Transnational Perspectives: War, Power, and Violence in the Work of Etel Adnan
Abstract
This paper seeks to investigate how national literature transcends local borders and interconnects with images and realities of war, power, and violence in a transnational context. The current study attempts to position the contemporary Arab-American writer and poet, Etel Adnan (1925), within a transitional milieu that engages questions regarding what type of associations may be made among the themes under study and how dialogue between nationalism and literature does meet from the lens of a transnational perspective.
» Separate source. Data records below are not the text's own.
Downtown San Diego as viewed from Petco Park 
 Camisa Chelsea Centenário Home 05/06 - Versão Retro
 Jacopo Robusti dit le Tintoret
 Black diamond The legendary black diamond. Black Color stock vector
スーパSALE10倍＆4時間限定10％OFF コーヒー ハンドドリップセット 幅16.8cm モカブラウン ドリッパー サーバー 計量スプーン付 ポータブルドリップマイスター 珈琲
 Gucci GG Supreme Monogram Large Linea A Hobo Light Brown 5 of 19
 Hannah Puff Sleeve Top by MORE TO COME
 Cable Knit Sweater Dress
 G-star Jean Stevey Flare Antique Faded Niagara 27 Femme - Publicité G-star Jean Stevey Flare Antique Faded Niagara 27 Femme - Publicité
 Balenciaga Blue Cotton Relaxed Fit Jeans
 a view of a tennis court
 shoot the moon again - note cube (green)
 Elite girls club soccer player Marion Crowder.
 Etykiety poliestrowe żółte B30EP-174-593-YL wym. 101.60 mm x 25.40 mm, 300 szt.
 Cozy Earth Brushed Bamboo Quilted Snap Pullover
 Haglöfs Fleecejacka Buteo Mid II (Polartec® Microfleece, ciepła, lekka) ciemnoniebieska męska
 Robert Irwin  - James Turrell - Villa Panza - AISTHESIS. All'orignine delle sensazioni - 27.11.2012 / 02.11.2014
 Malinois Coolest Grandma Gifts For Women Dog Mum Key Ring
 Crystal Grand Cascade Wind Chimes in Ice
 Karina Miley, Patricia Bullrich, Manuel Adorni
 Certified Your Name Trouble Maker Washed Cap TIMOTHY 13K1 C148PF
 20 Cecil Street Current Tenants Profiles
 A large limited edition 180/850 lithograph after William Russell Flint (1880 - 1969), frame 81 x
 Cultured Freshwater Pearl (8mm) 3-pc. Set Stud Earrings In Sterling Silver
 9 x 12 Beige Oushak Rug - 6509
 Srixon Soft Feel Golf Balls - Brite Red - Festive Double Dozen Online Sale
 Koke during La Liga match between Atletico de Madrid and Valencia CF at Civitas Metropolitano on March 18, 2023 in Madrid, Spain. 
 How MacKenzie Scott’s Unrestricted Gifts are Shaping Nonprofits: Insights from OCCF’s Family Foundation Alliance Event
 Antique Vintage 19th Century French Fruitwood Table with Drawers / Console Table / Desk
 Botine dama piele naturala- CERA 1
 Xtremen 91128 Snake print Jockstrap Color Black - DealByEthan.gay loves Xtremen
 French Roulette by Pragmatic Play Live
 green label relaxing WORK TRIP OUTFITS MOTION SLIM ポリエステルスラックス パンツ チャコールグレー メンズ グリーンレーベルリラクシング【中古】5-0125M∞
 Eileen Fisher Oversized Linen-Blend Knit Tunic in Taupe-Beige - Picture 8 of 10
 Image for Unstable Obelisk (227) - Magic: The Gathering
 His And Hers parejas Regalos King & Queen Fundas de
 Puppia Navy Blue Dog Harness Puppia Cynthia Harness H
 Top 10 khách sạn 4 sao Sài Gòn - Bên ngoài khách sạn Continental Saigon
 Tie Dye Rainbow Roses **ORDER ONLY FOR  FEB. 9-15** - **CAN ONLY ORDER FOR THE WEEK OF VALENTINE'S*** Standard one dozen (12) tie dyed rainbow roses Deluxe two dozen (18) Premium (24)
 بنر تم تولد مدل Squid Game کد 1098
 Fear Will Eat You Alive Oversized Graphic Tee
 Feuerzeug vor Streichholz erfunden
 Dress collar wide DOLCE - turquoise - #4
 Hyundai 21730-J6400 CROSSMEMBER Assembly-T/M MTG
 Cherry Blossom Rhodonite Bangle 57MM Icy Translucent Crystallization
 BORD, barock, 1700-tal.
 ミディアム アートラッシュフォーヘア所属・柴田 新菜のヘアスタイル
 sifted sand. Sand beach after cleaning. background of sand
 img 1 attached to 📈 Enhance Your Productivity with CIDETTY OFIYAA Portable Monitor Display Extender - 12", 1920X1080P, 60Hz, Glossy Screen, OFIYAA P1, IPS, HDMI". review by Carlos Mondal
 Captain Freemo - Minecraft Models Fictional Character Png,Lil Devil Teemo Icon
Drawing upon a wide range of transnational theories and criticism, borderland theory, and Anglophone Arab feminist writing, I attempt to examine how Adnan questions, mediates, and reflects upon her transnational experience in light of what scholars such as Pries (2001), Ramazani (2009), Parker and Young (2013), Smith and Guarnizo (1998), and Jakubowicz (2012) have negotiated in this field. Through a selection of Adnan’s genres and literary styles, the paper focuses on how issues of transnational ethnicity, culture, race, history, politics and multiple belongings intersect in the transnational landscapes that signify the vitality of contemporary Arab-American women’s writing and give voice to the peculiarities of female subjectivity beyond borderlands. In this sense, the paper will bring to light the emerging transnational literary discourse and variations of its expressions and forms that resist the confines of national spaces and state borders.